What the exercise asks: When you transcribe the lines below, keep every word the same and leave the pictures behind.
--- The records Enclosed Below ---
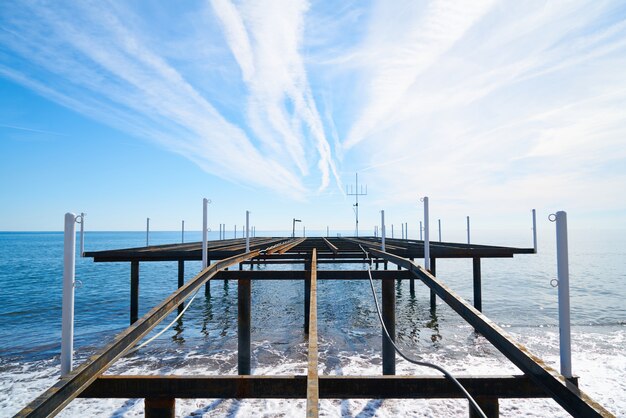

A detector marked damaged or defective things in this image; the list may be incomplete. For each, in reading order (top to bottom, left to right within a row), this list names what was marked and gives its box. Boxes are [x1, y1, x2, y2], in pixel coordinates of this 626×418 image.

rusty metal beam [15, 250, 260, 416]
rusty metal beam [81, 374, 552, 400]
rusty metal beam [368, 247, 612, 416]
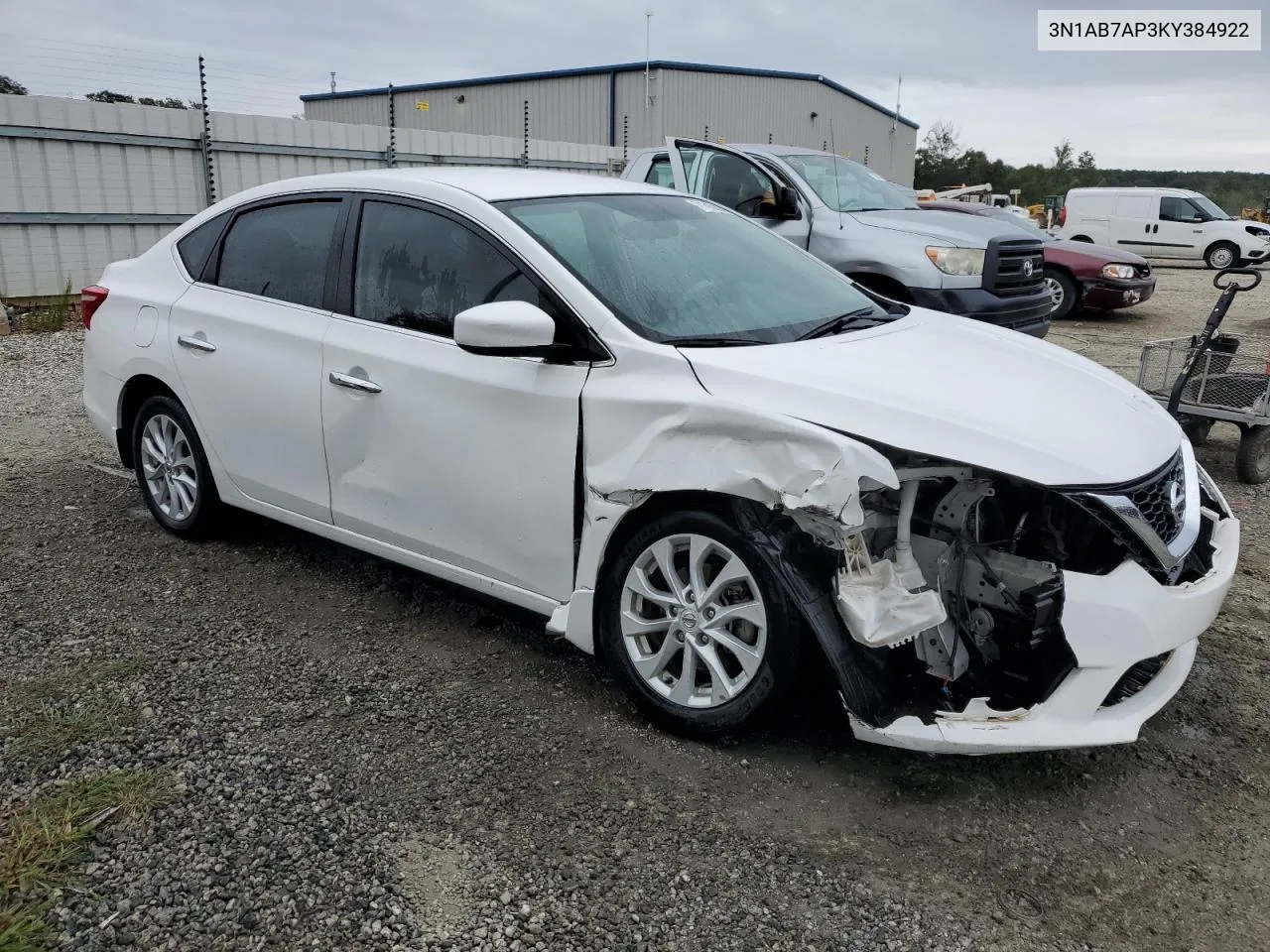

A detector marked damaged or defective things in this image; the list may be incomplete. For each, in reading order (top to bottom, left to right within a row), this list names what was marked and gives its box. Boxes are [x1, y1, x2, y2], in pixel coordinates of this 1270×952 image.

damaged white sedan [86, 170, 1238, 750]
crumpled bumper [849, 508, 1238, 754]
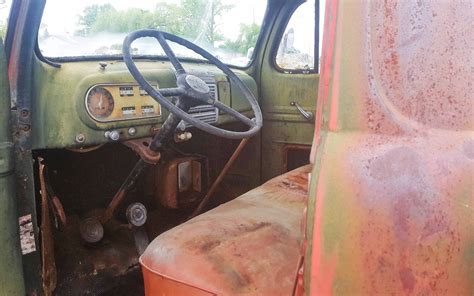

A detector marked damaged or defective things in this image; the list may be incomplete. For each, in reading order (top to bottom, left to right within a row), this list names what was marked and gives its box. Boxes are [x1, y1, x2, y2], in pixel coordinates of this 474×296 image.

rusty metal surface [140, 165, 312, 294]
rusty metal surface [306, 1, 472, 294]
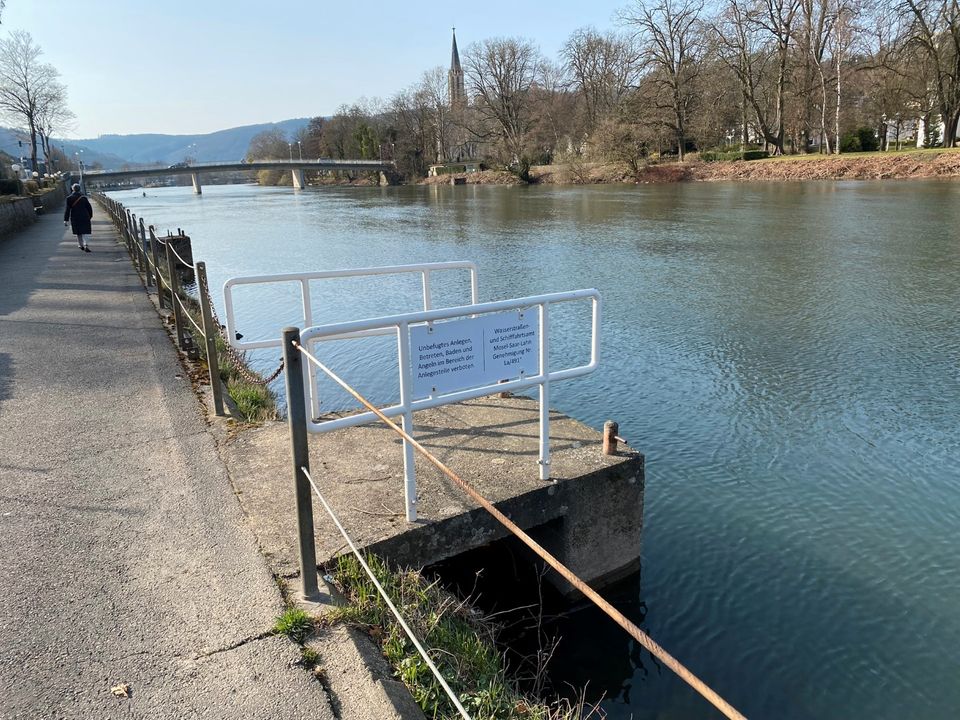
--- End of Enclosed The records ---
Expected answer:
A detector marked damaged or defective things in this image; the list may be incomplete. For each, in reading order (top to bottom, left to right within a row), this list names what was marked and gives its box. Boxes are [x1, y1, x2, y2], in pixel coordinates of this 626×418 image.

rusty metal beam [15, 250, 260, 416]
rusty metal beam [81, 374, 552, 400]
rusty metal beam [368, 247, 612, 416]

A detector marked damaged or defective things in this image; the list may be incomplete. For each, in reading order (top to bottom, left to right within a row), this list names what was marked and gives its box. Boxes are [x1, y1, x2, y2], in pixel coordinates of this 1270×952 image.

damaged white sedan [86, 170, 1238, 750]
crumpled bumper [849, 508, 1238, 754]

A detector marked damaged or defective things in this image; the list may be incomplete. For each, in reading order (top to bottom, left to right within a row), this list names what was marked and gives its box. Boxes are [x1, y1, x2, y2], in pixel coordinates of this 474×296 image.

rusty metal surface [140, 165, 312, 294]
rusty metal surface [306, 1, 472, 294]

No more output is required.